Voskerician was in contract to buy a house in Palo Alto that he planned to replace with a new one when he learned that Zuckerberg lived on the other side of the property’s fence, according to his lawsuit.

Facebook’s Headquarters

In a series of meetings at the property and Facebook’s headquarters, Zuckerberg said he wanted to buy the property from Voskerician, who’d already been offered $4.3 million by another developer to sell his rights to the house, according to the complaint.

Zuckerberg said he couldn’t pay that sum and wanted a discount, according to the lawsuit. Voskerician sold him the property for $1.7 million.

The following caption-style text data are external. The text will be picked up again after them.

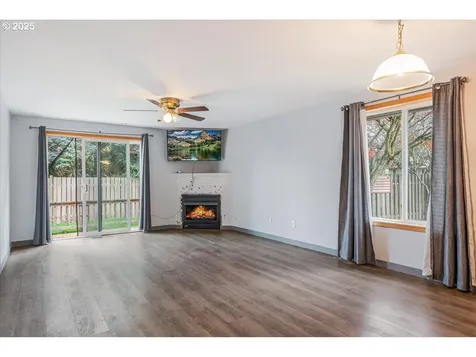 2367 Dorsey Drive Hubbard OR 97032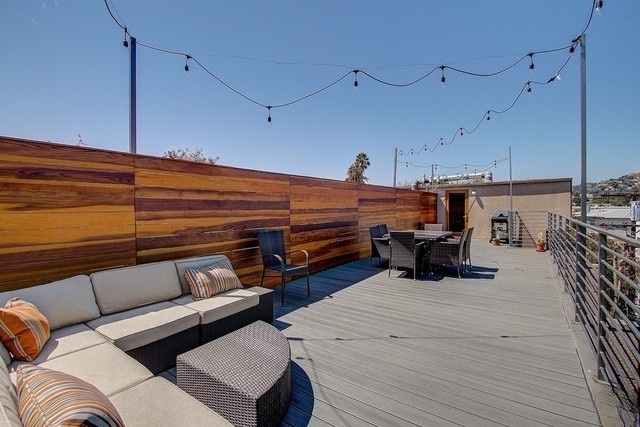 Building Photo - 7505 Hampton Ave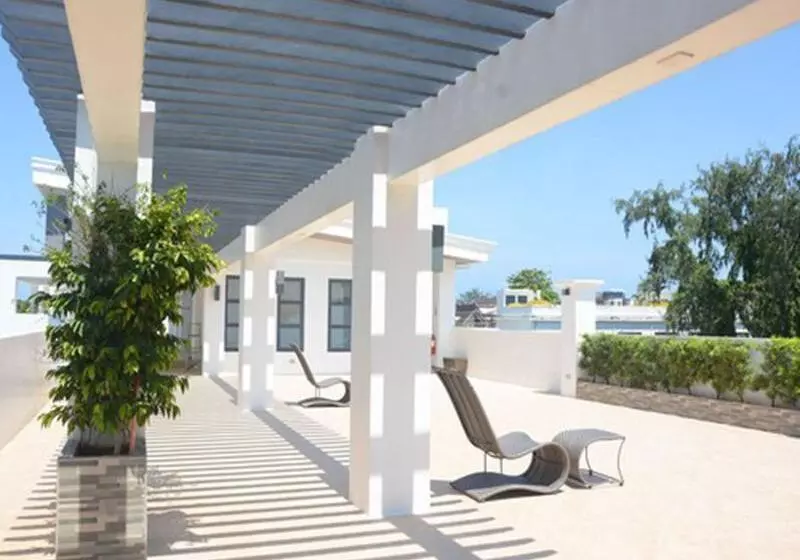 هتل Commander Suites De Boracay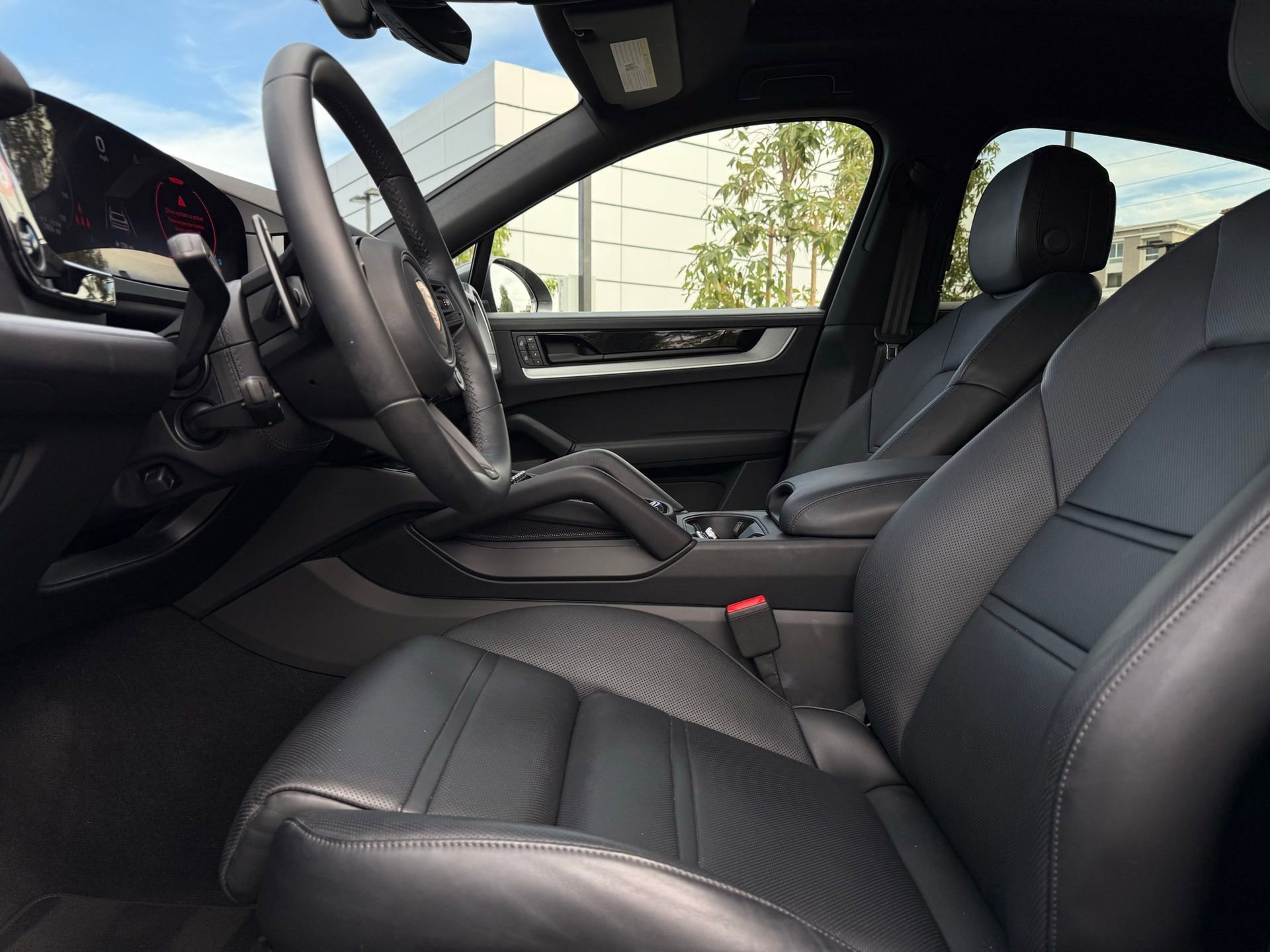 Used 2025 Porsche Cayenne Coupe image 13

In exchange for the discount, “Zuckerberg would introduce Voskerician to his friends, clients and associates and promote Voskerician’s real estate development business,” according to the complaint.

The two had a written contract for the sale, and the promise of referrals “was reflected in a writing accepted by the parties as a statement of their written agreement,” according to the lawsuit.

David Draper, an attorney for Voskerician, declined to comment on the ruling. Patrick Gunn, Zuckerberg’s attorney, didn’t immediately respond to a voice-mail message seeking comment.

The case is Voskerician v Zuckerberg, 114CV264667, Superior Court of the California, County of Santa Clara (San Jose).